November 12th, 2005, 10:50 PM
Python & The Web: Scenario
Basically my script's goal is to:
1. access a local.yahoo.com results page that I have downloaded onto my hard drive.
2. visit a particular link on that results page.
3. parse info from that particular link.
4. go back to results page and visit the "Next" link.
5. Repeat steps 2-4.
At the end, one file will have all the parsed info from all the visited webpages.
I am new to the internet capabilities realm with Python, and after reading al the documentation on it, I am a little confused. What I want is to just fetch and read webpages via the "Next" link without having a broswer pop up as a result. I looked at webbrowser, urllib, SGMLParser, and HTMLParser in the Python documentation but it didn't clearly describe what I was looking for.
Is there a way to do access and do stuff to HTMLs without opening any browser windows in the process?
Any suggestions would be greatly appreciated.
November 13th, 2005, 03:11 PM
yes the urllib2 will be the best bet to doing this. I would say. It lets you handle a conneciton to a web site as a file. There is also a html parser file, but I don't know if that would be good for you.
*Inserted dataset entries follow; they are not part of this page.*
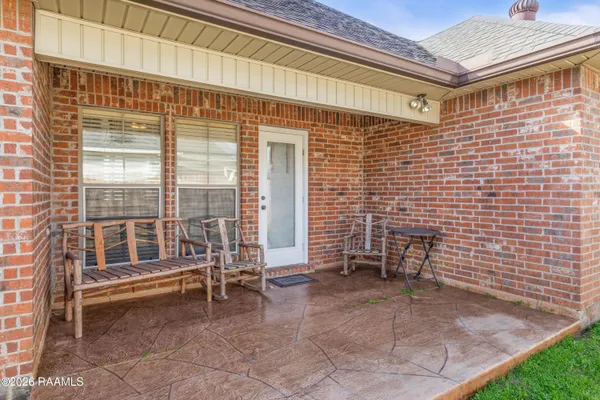 $1,950 | 125 Tall Oaks Lane, Youngsville, LA 70592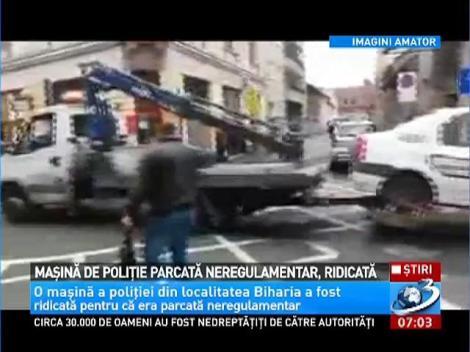 Mașină de poliție parcată neregulamentar, ridicată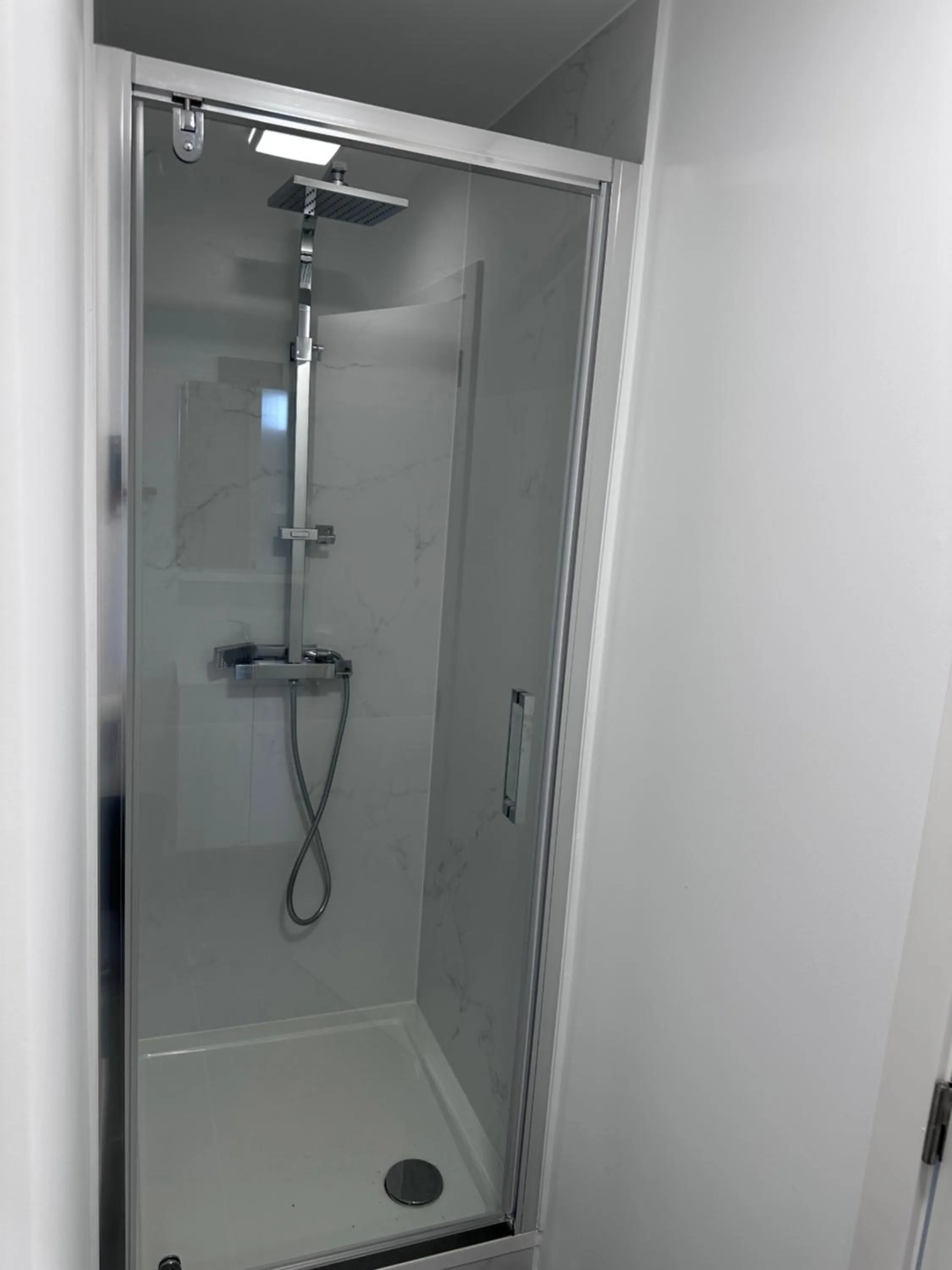 Shower in Hotel Albert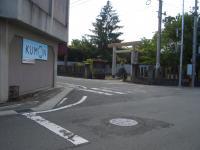 八坂神社の向かい側にあります。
Your best bet will be to google some information about urllib2 for python and get the basics then you can play with the html praser in python to see if you like it or if it would help.
for an example of urllib2:
this will print all the lines of the source to that page.
website = urllib2.urlopen("http://local.yahoo.com")
for line in website:
November 13th, 2005, 04:41 PM
I dont fully understand what you mean with you have downloaded on your computer, it would be much easier to access it from your program with the urllib module.
Those people who think they know everything are a great annoyance to those of us who do.
November 14th, 2005, 12:51 PM
for parse html i use function:
w = formatter.DumbWriter(txt)
f = formatter.AbstractFormatter(w)
p = htmllib.HTMLParser(f)